Director John Michael McDonagh's Calvary lays out its stark premise in a brilliant opening scene. Irish priest Father James (Brendan Gleeson) sits in the darkness of a confessional, while an unseen individual relates a harrowing tale of childhood sexual abuse by a Catholic cleric. The offending priest is long dead, so the penitent has selected a surrogate target for his vengeance. The person behind the screen vows that in seven days, “I'm going to kill you, Father.” This opening possesses a fearsome dramatic gravity: everything that follows is the slow-burn payoff for that unnerving pledge.

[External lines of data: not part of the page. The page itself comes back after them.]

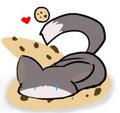 COOKIES!! 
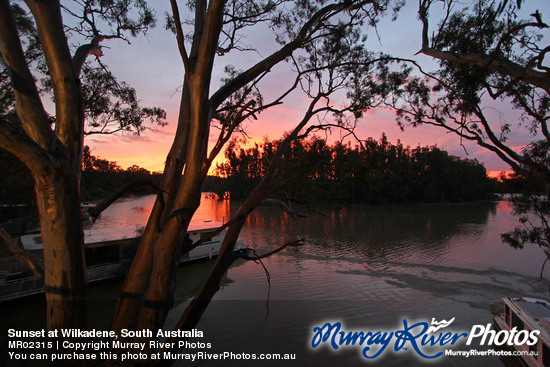 Sunset at Wilkadene, South Australia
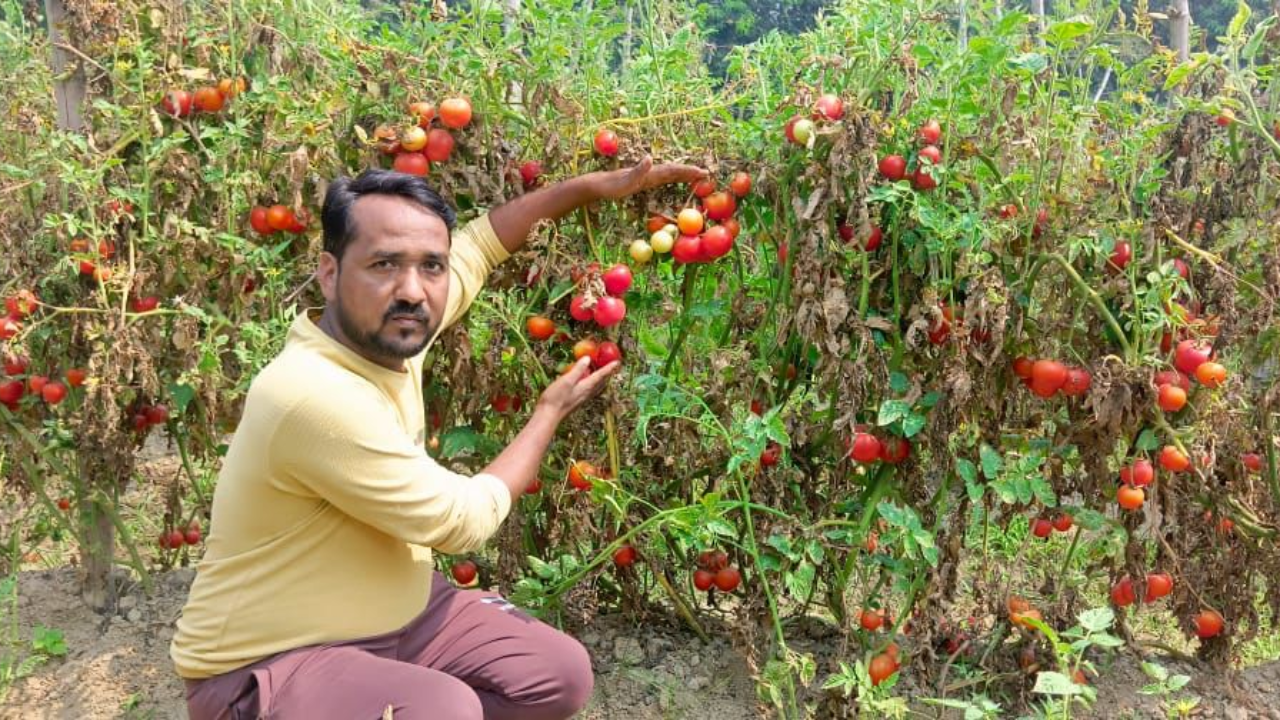 गहने गिरवी रखे..कर्ज लेकर टमाटर उगाया पर डेढ़ रुपये कीमत ने किसान को रुलाया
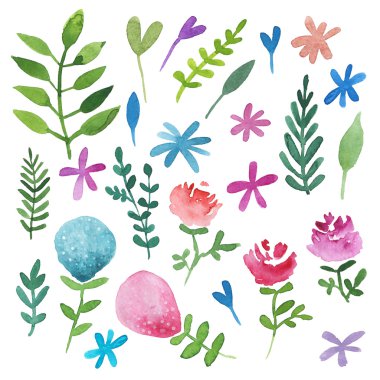 Suluboya bitki ve çiçek el boyalı.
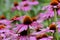 Purple coneflower, Echinacea purpurea, blossom, Bavaria, Germany, Europe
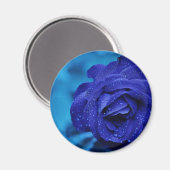 ブルーデウドロップバラ マグネット (正面/裏面)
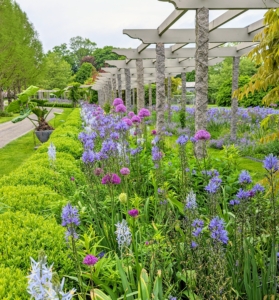 By late May and into June, the pergola is filled with Camassia and alliums in an eye-catching palette of purple and blue - just stunning.
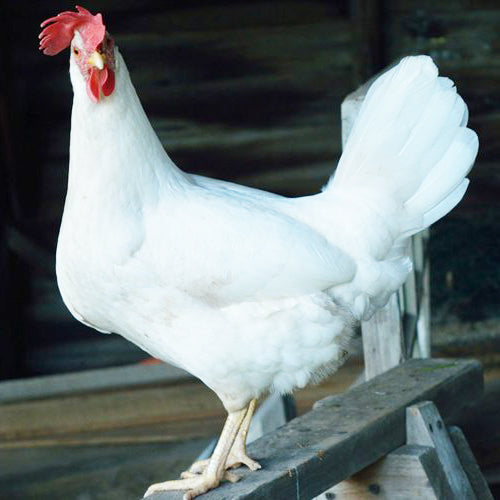 Anstey's White Egg Layers (Pullets) - Critter Country Supply Ltd.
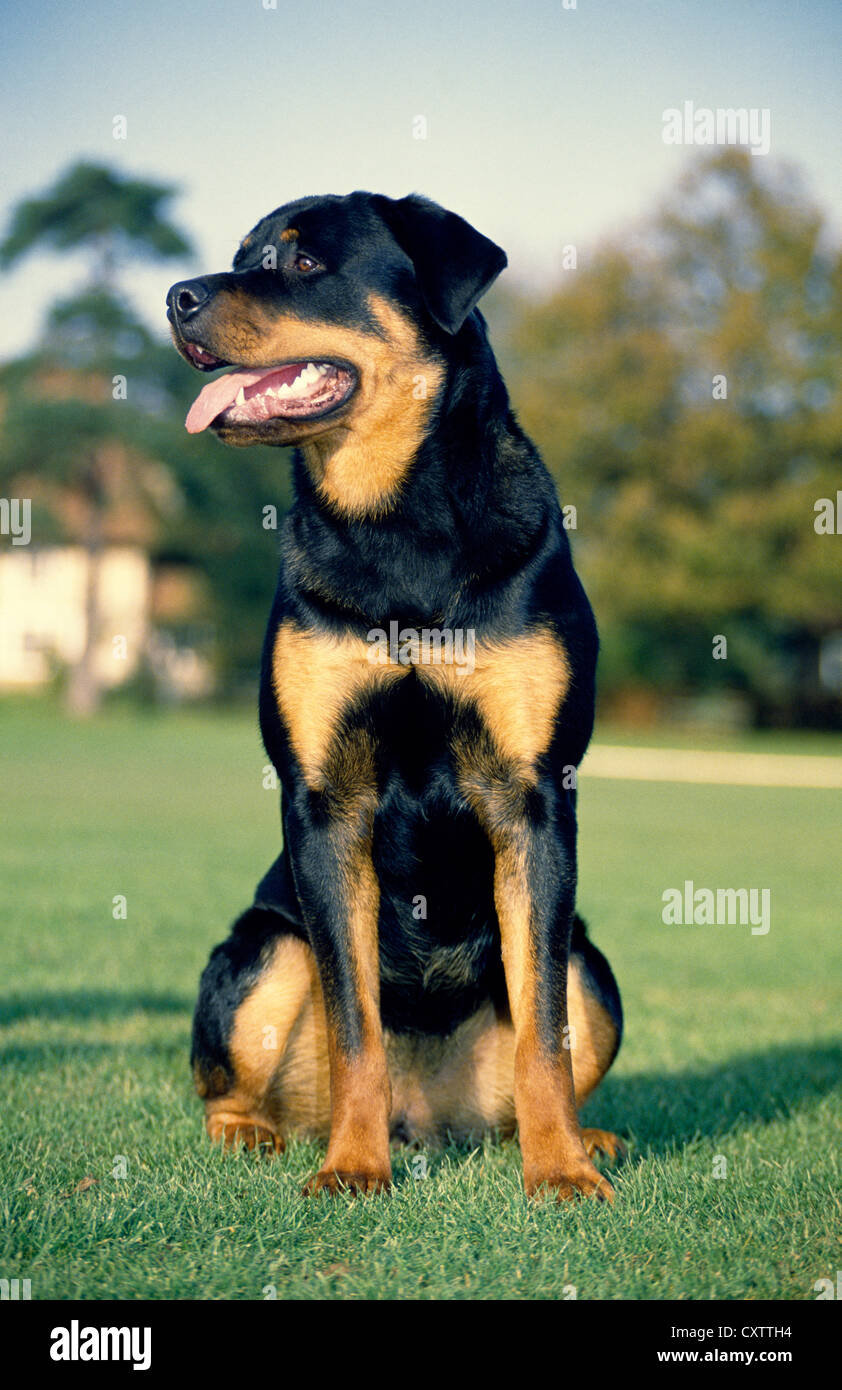 ROTTWEILER, DRAUßEN ZU SITZEN / ENGLAND Stockfoto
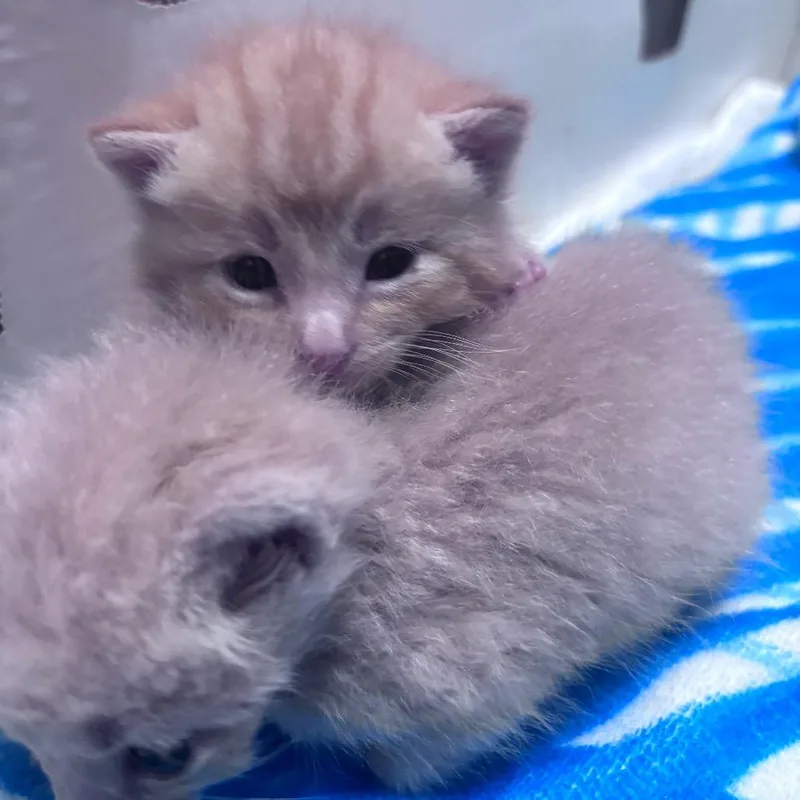 Cheeto thumbnail 2
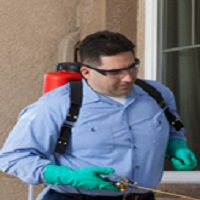 Pest Control In Vancouver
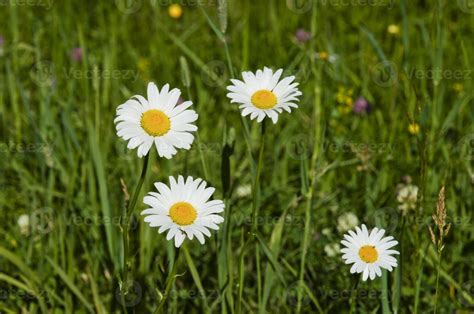 Wildflowers in Acadia National Park in Maine 1383052 Stock Photo at ...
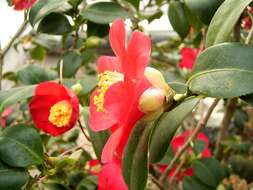 Image of camellia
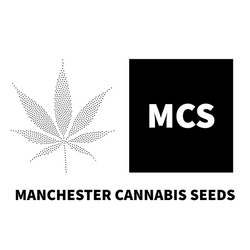 Buy Cannabis Seeds Best Prices UK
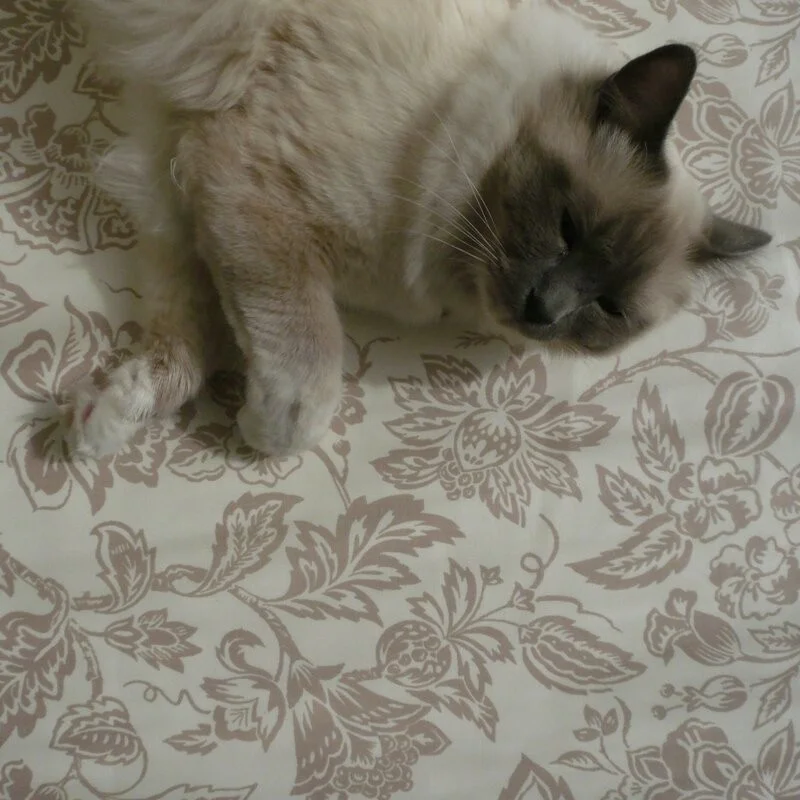 Nappe enduite Hortense lin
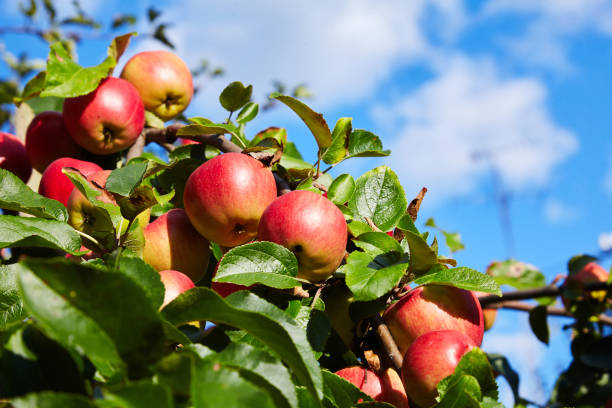 dojrzałe czerwone jabłka na gałęzi - apple orchard zdjęcia i obrazy z banku zdjęć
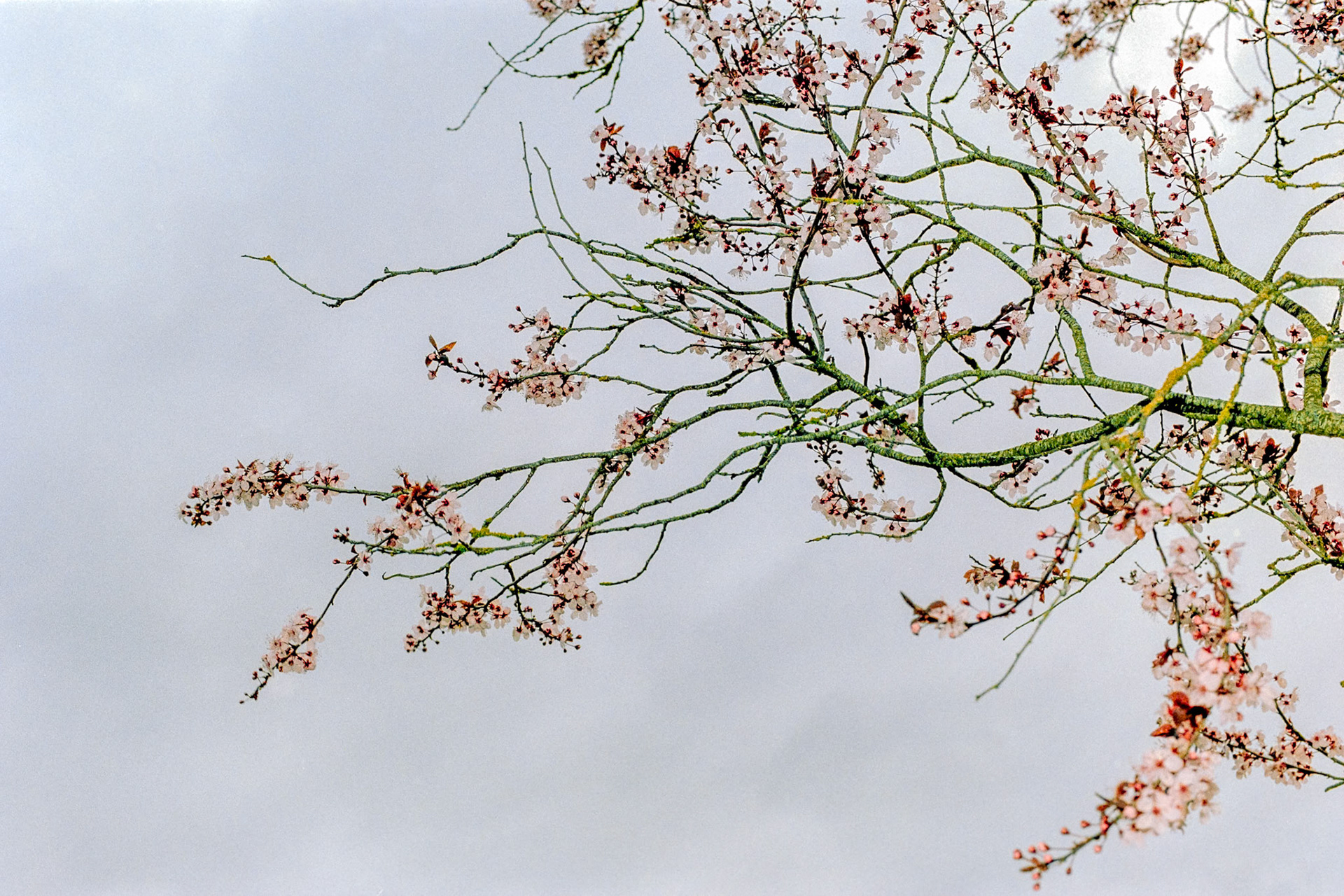 Blossom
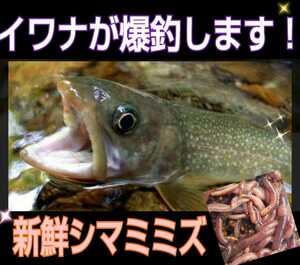 釣りの餌☆新鮮！採れたて直送！シマミミズ50匹セット　ヤマメ、イワナ、ブラックバスなど何でも釣れる！観賞魚、爬虫類、両生類の餌にも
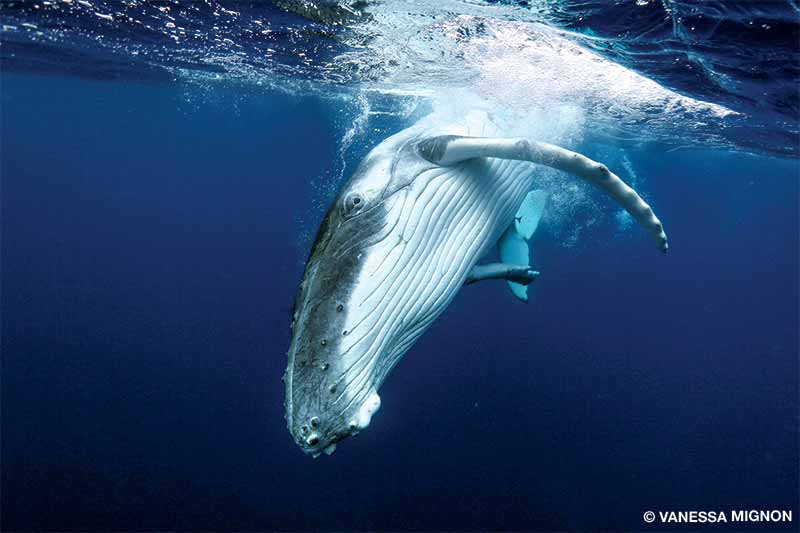 humpback whale eyeing us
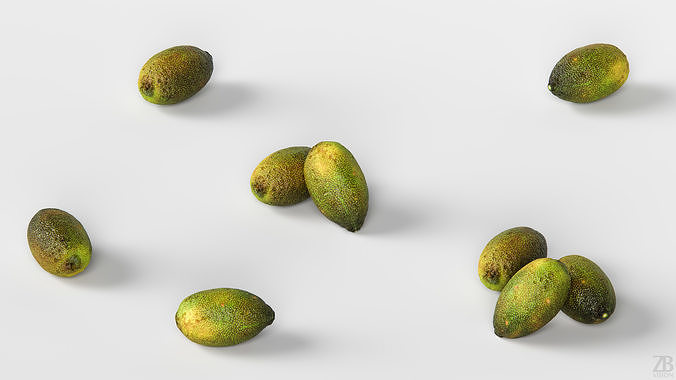 Lime  3D model 3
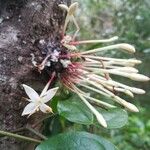 Ixora cauliflora Kvet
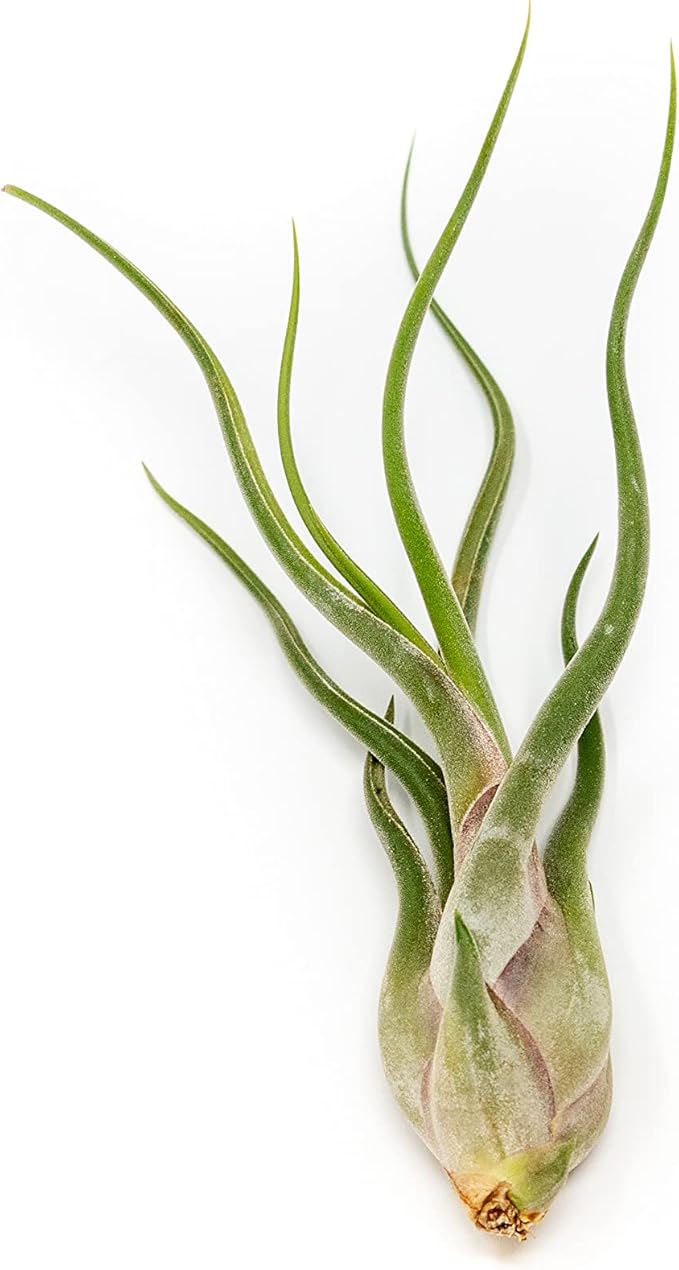 Tillandsia Caput Medusae Air Plants - Live Succulent House Plants - Available in Wholesale and Bulk - Home and Garden Decor - Easy Care Indoor/Outdoor Air Plant (Pack of 25)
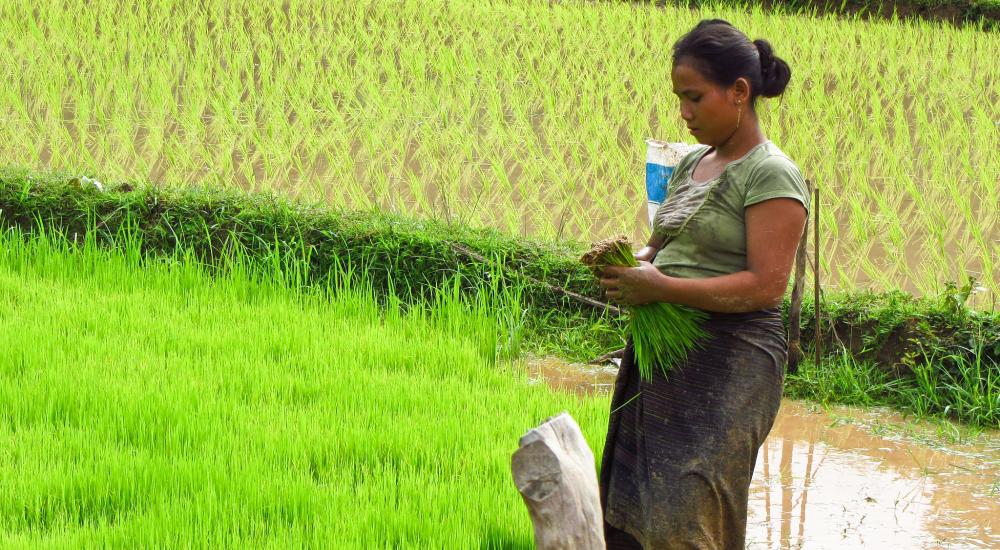 Contribution To Asia Regional Meeting On Agroecology Iatp -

Father James later reveals to a bishop that he suspects the identity of his would-be killer, but feels honor-bound to keep it a secret. Calvary is thus not really a whodunit murder mystery. Underscoring the point, everyone in Father James' tiny country parish acts suspiciously in the following days, almost to the point of the absurd. (In this, Calvary recalls, of all things, Wes Craven's Scream.) The film is truly a study in how a man of God might react to a looming death sentence, one meted out by a member of his own flock. Father James' seven days of good works, reflection, and suffering evoke the Passion of Christ, although the priest is no saintly figure, just a flawed man with a stubborn sort of integrity.
Gleeson is a performer of terrific charisma, but he is often shunted into one-note roles. Director McDonagh's screenplay provides the prolific Irish actor with a protagonist who is alternately genial, irritable, contemplative, and ferocious. The supporting characters at times shade into the cartoonish, and Father James' parishioners are remarkably irreligious for rural Irishfolk, but such exaggerations are fitting for a story that proves to be a dark fable of moral confusion.
Calvary opens Friday, August 15 at Plaza Frontenac Cinema (1701 S Lindbergh, 314-994-3733).